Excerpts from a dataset
'''
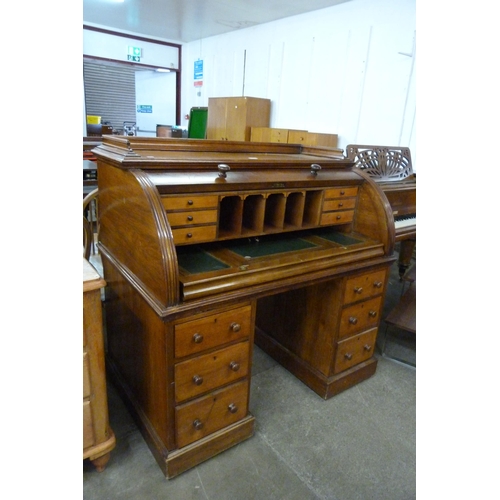 140 - A Victorian mahogany cylinder roll top desk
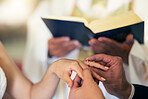 Couple hands with ring, wedding and marriage in church with priest and bible in traditional ceremony. Commitment, love and jewelry, man and woman together with trust and jewellery with bride.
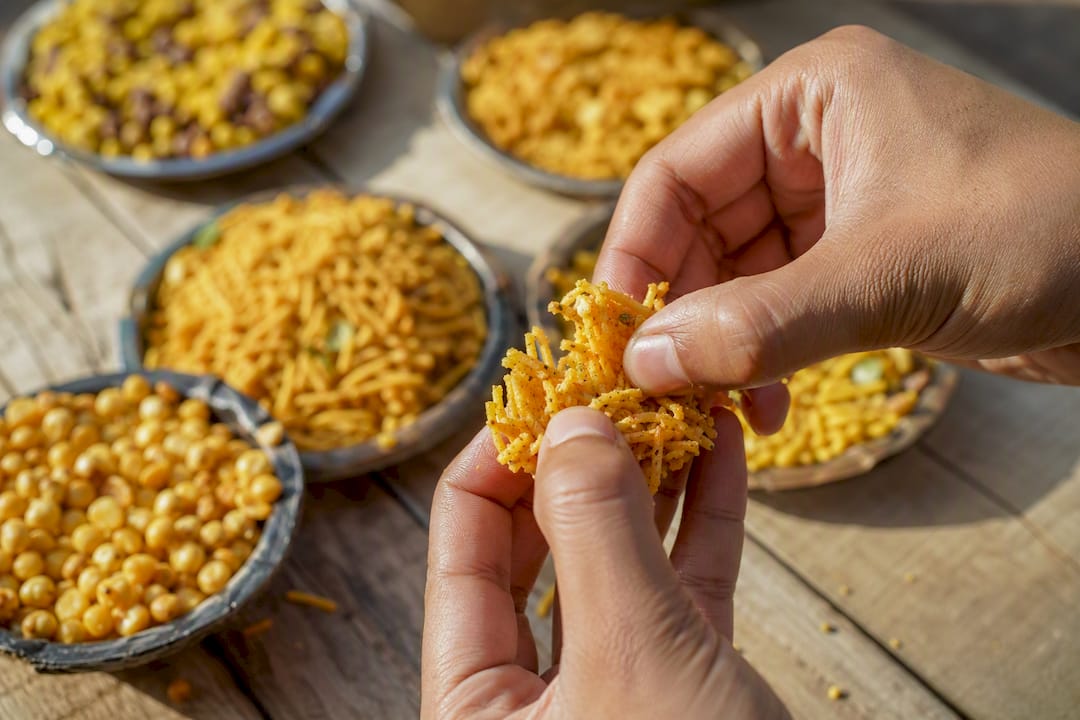 Hand breaking mathri biscuit among variety of namkeen
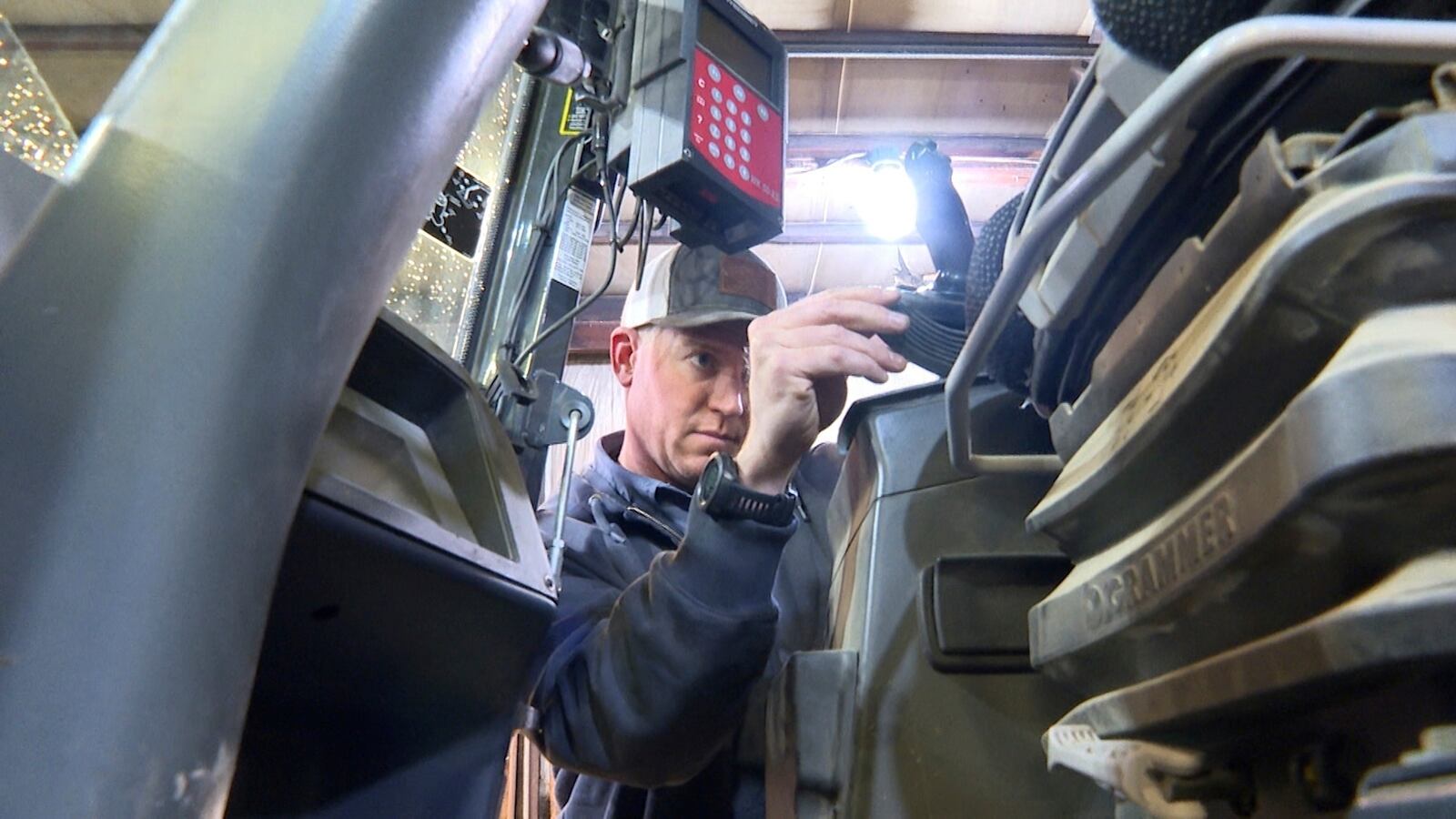 Bryant Kagay, part owner of Kagay farms in Amity, Missouri, works on equipment to get ready for planting his crops this year while worrying about the effects of President Donald Trump's tariffs, Friday, April 4, 2025. (AP Photo/Nick Ingram)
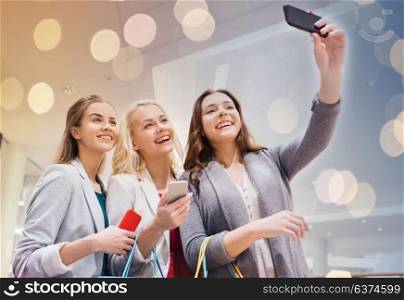 sale, consumerism, technology and people concept - happy young women with smartphones and shopping bags taking selfie in mall. women with smartphones shopping and taking selfie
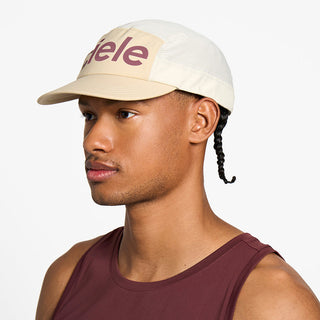 side view of the ciele athletics GOCap unisex running hat in safari color, on a model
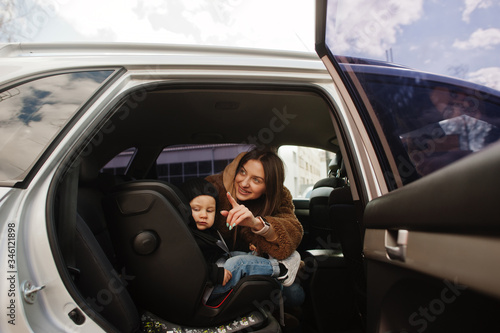 Young mother and child in car. Baby seat on chair. Safety driving concept. © AS Photo Family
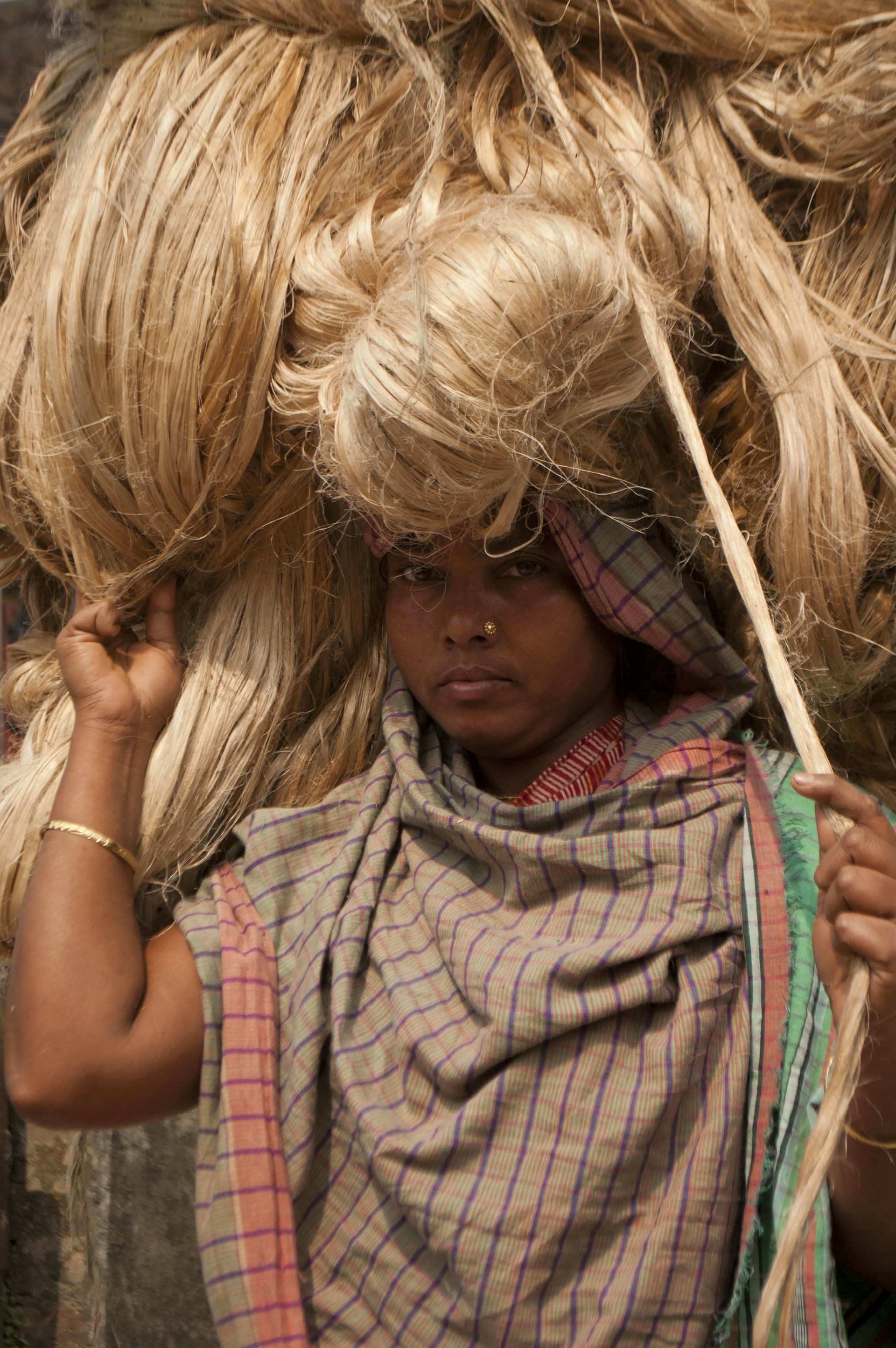 A woman carrying a bundle of hay on her head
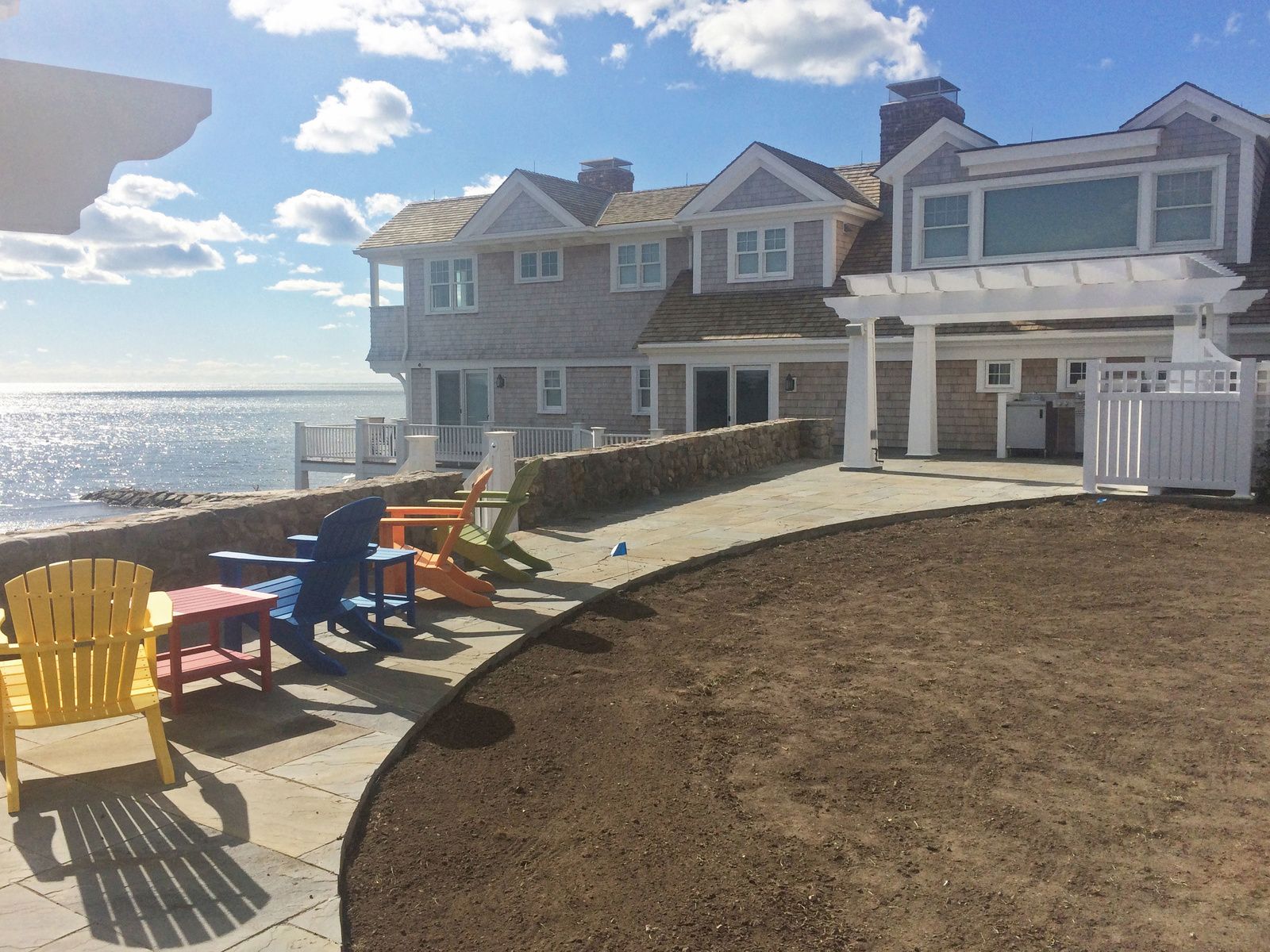 A house with a lot of chairs in front of it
'''
• [ABOUT THIS EXERCISE]:
This task calls for the lines from the line holding "Couple hands with" through the last line above, restated word for word with both ends included and the pictures dropped.

• [RESPONSE TO THIS EXERCISE]:
 Couple hands with ring, wedding and marriage in church with priest and bible in traditional ceremony. Commitment, love and jewelry, man and woman together with trust and jewellery with bride.
 Hand breaking mathri biscuit among variety of namkeen
 Bryant Kagay, part owner of Kagay farms in Amity, Missouri, works on equipment to get ready for planting his crops this year while worrying about the effects of President Donald Trump's tariffs, Friday, April 4, 2025. (AP Photo/Nick Ingram)
 sale, consumerism, technology and people concept - happy young women with smartphones and shopping bags taking selfie in mall. women with smartphones shopping and taking selfie
 side view of the ciele athletics GOCap unisex running hat in safari color, on a model
 Young mother and child in car. Baby seat on chair. Safety driving concept. © AS Photo Family
 A woman carrying a bundle of hay on her head
 A house with a lot of chairs in front of it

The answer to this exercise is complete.